_MATERIAL TO PROCESS_:
/---

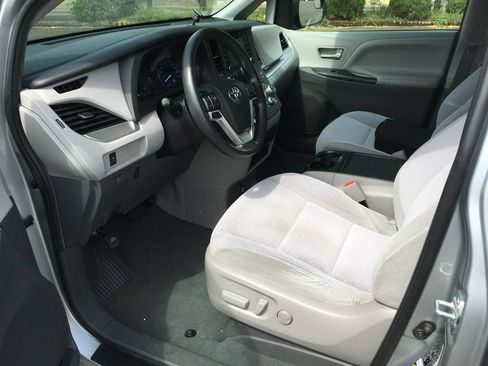 Used 2020 Toyota Sienna LE w/ Carpet Mat Package FWD image 4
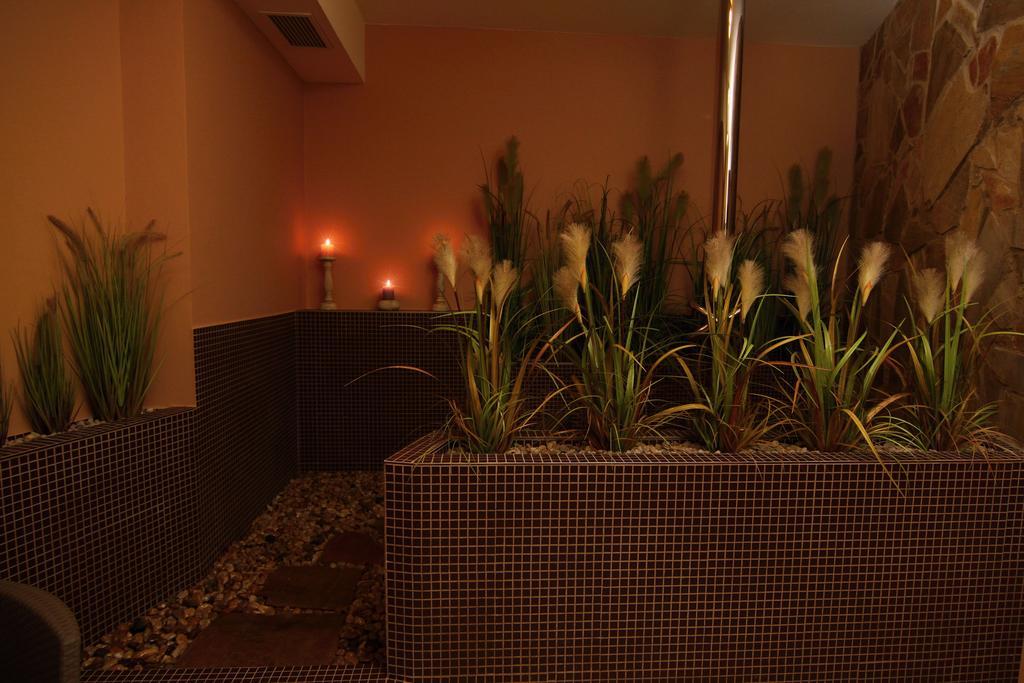 קולאן Hotel Theresia מראה חיצוני תמונה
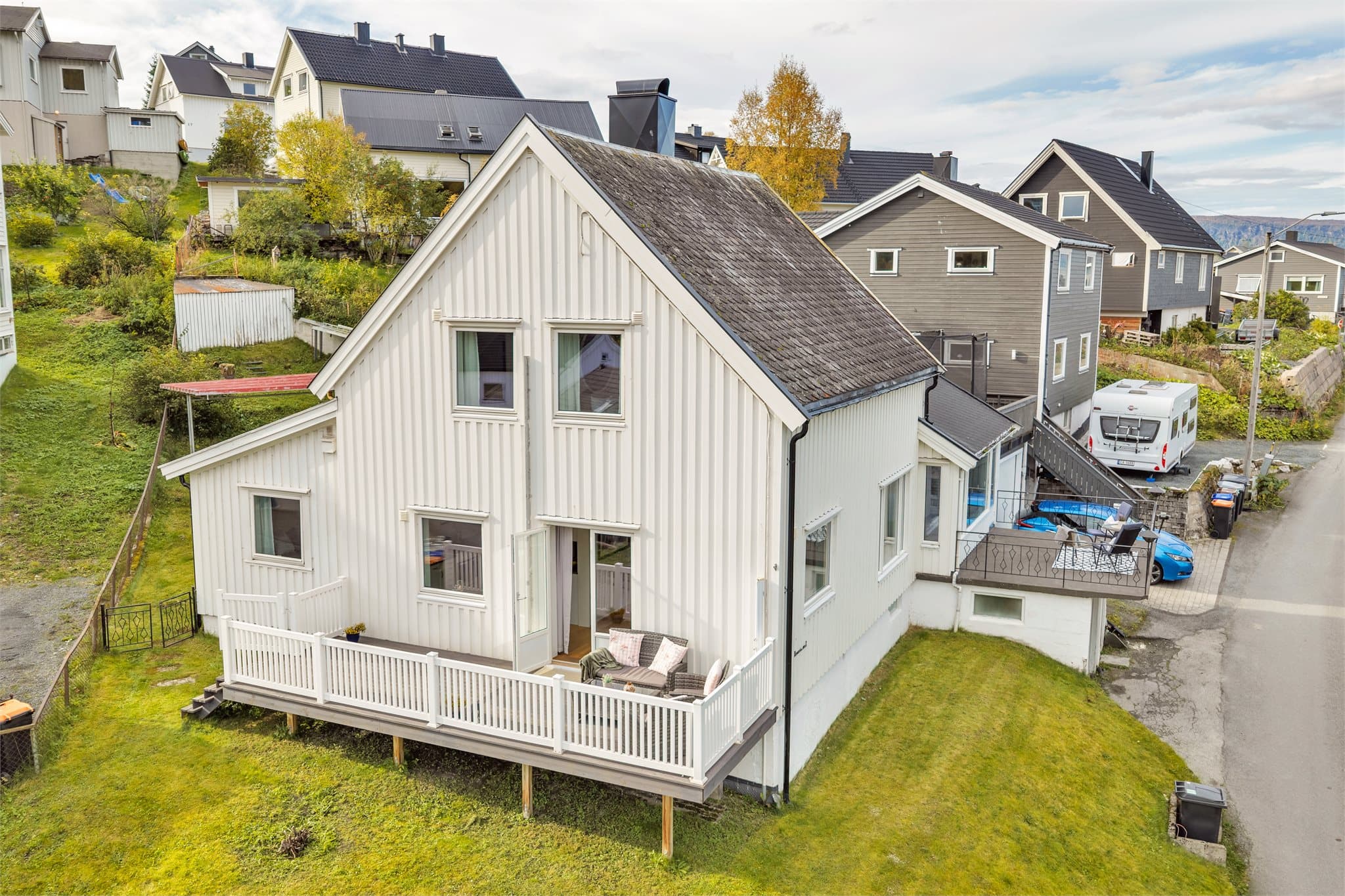 Innholdsrik enebolig over tre plan, beliggende på en skrånet tomt i etablert nabolag i Taraldsvik.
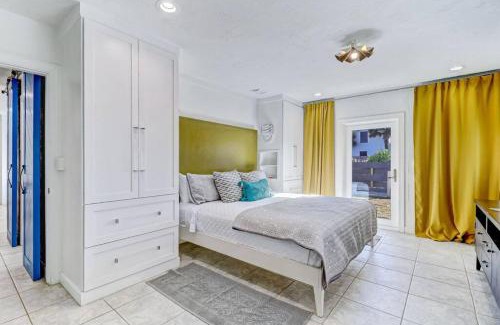 Ocean Cay House | Coastal Cottage 214 - Large Ocean View Deck - Gas Grill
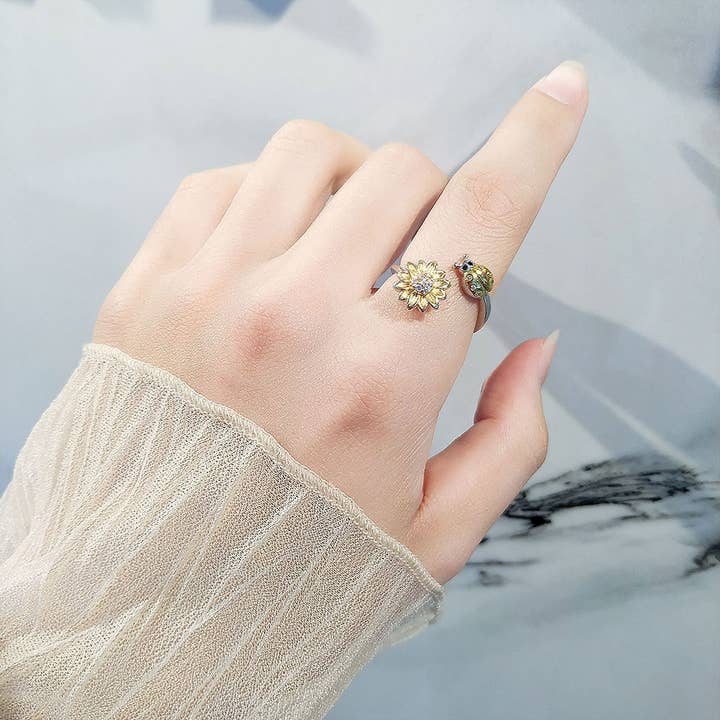 Perimade & Co. LLC - Wholesale Multi-Stone Ring - Sunflower Bug Anxiety Fidget Spinner Ring in Sterling Silver1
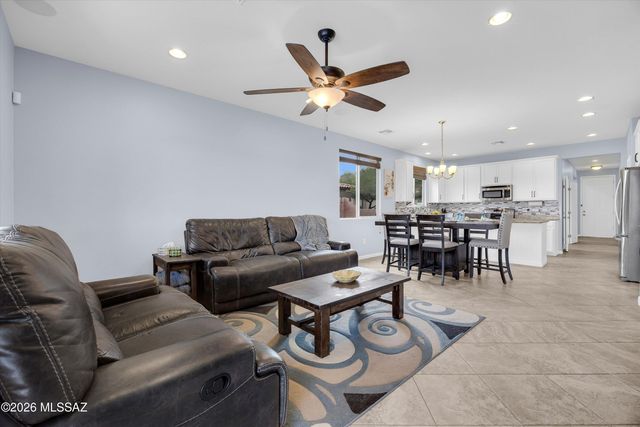 38754 S Running Roses Lane, Saddlebrooke, AZ 85739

\---

_AIM OF THE TASK_:
Write the records out again exactly as shown above, keeping no pictures.

_RESULT OF THIS TASK_:
 Used 2020 Toyota Sienna LE w/ Carpet Mat Package FWD image 4
 קולאן Hotel Theresia מראה חיצוני תמונה
 Innholdsrik enebolig over tre plan, beliggende på en skrånet tomt i etablert nabolag i Taraldsvik.
 Ocean Cay House | Coastal Cottage 214 - Large Ocean View Deck - Gas Grill
 Perimade & Co. LLC - Wholesale Multi-Stone Ring - Sunflower Bug Anxiety Fidget Spinner Ring in Sterling Silver1
 38754 S Running Roses Lane, Saddlebrooke, AZ 85739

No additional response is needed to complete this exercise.